By : Shatha Kalel
In a recent Truth Social post, U.S. President Donald Trump proposed ending the long-standing requirement for public companies in the United States to report their financial results every quarter. Instead, he endorsed semi-annual reporting, arguing that this shift would save money and reduce “short-term thinking” in corporate leadership. According to Trump, American companies are too focused on immediate investor demands, while countries like China take a long-term approach to business planning.
Why It Matters in the U.S.
Quarterly reporting has been a cornerstone of U.S. financial transparency, providing investors, policymakers, and the public with regular insights into corporate performance. Critics of the system, including Warren Buffett and Jamie Dimon, have long argued that it pressures executives to chase short-term profits at the expense of long-term innovation and growth. Trump’s argument echoes these concerns, highlighting that reducing reporting frequency could allow companies to focus on strategy rather than appeasing the market every three months.
Potential Global Impact
If the U.S. moves toward six-month reporting, it would align with practices already adopted in the European Union and the United Kingdom. This could set a precedent that other economies may follow, further easing corporate reporting burdens worldwide. However, the shift would also reduce the frequency of market insights. Investors, regulators, and policymakers rely heavily on quarterly data to monitor trends, from airline demand to banking stability and technology innovation. Less frequent updates could increase uncertainty in financial markets, potentially leading to sharper swings in global stock prices when earnings are finally released.

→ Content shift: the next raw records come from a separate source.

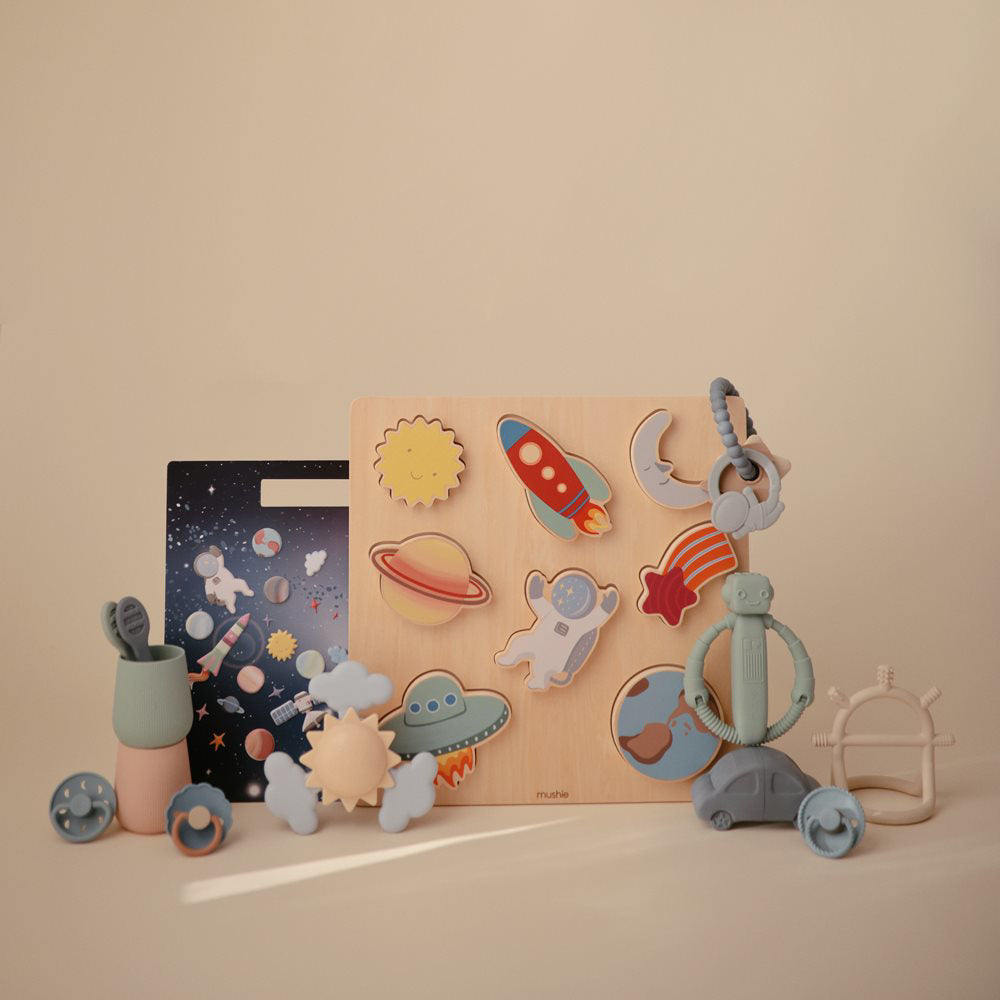 Mushie® Lesena sestavljanka Space Mushie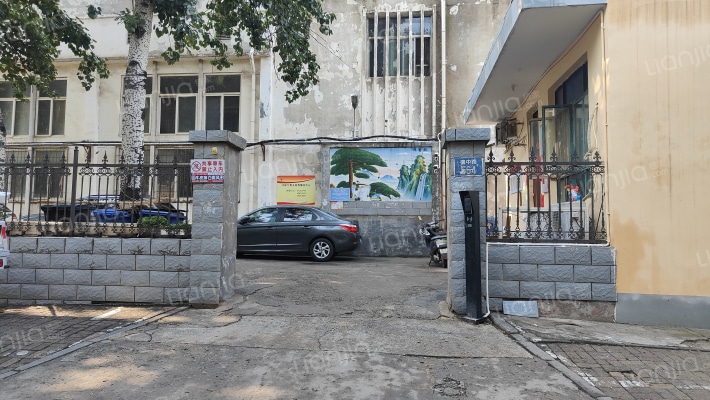 教育学院外景图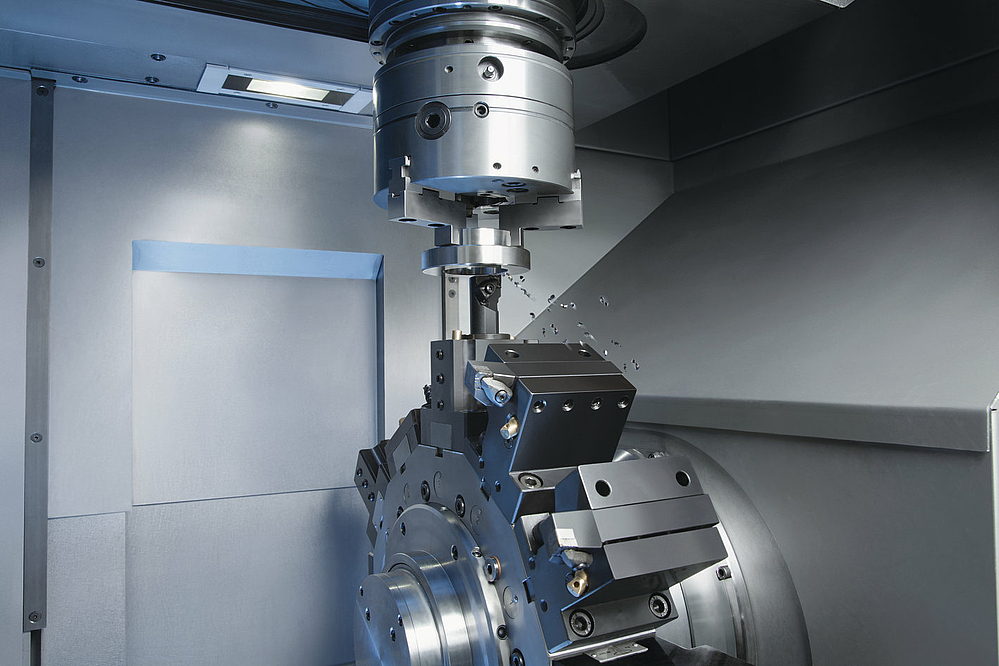 The turret of the VL 2 turning machine is located below the working spindle and can hold up to twelve turning or driven tools.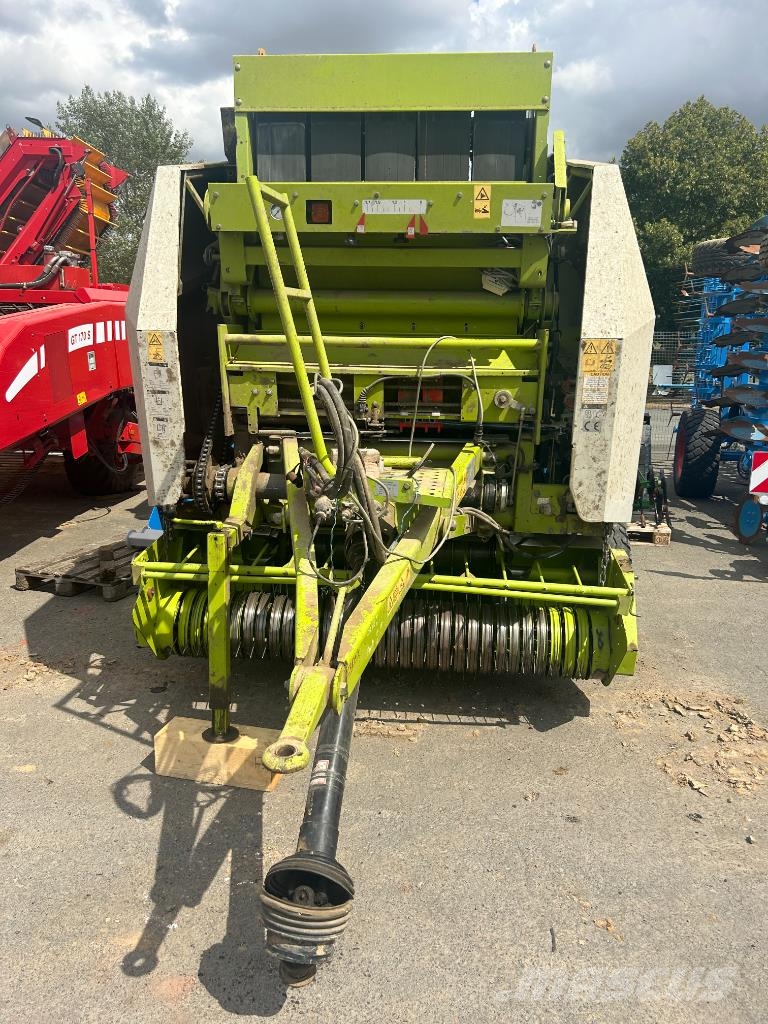 CLAAS Variant 280 Presse à balle ronde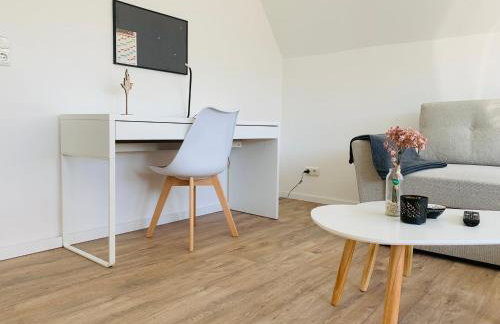 FEDDERSEN LIVING Kernsanierte Ferienwohnungen - Gemütlich - Netflix - Voll ausgestattet - zentral - Foto 28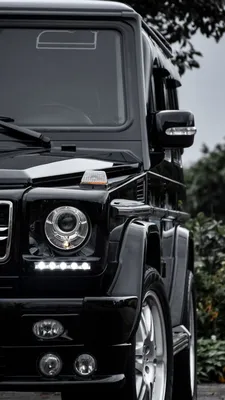 Скачать 1350x2400 mercedes-benz g500, brabus, внедорожник, роскошный,  черный, вид спереди обои, картинки iphone 8+/7+/6s+/6+ for parallax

The Balance Between Flexibility and Transparency
For global markets, the debate highlights a delicate balance: reducing regulatory red tape could improve efficiency, but it might come at the cost of transparency. Emerging economies that depend on U.S. financial signals may face delayed insights into economic conditions, complicating trade and investment decisions. Furthermore, in fast-changing industries like artificial intelligence or energy, waiting six months for official updates could slow down innovation and market responsiveness.
Conclusion
Trump’s call to eliminate quarterly reporting is not without merit, as it reflects a genuine concern about the culture of “quarterly capitalism.” Yet the broader implications suggest a trade-off between long-term corporate flexibility and the transparency that fuels global economic stability. If implemented, this policy could reshape corporate governance not only in the U.S. but also influence reporting norms across the world economy.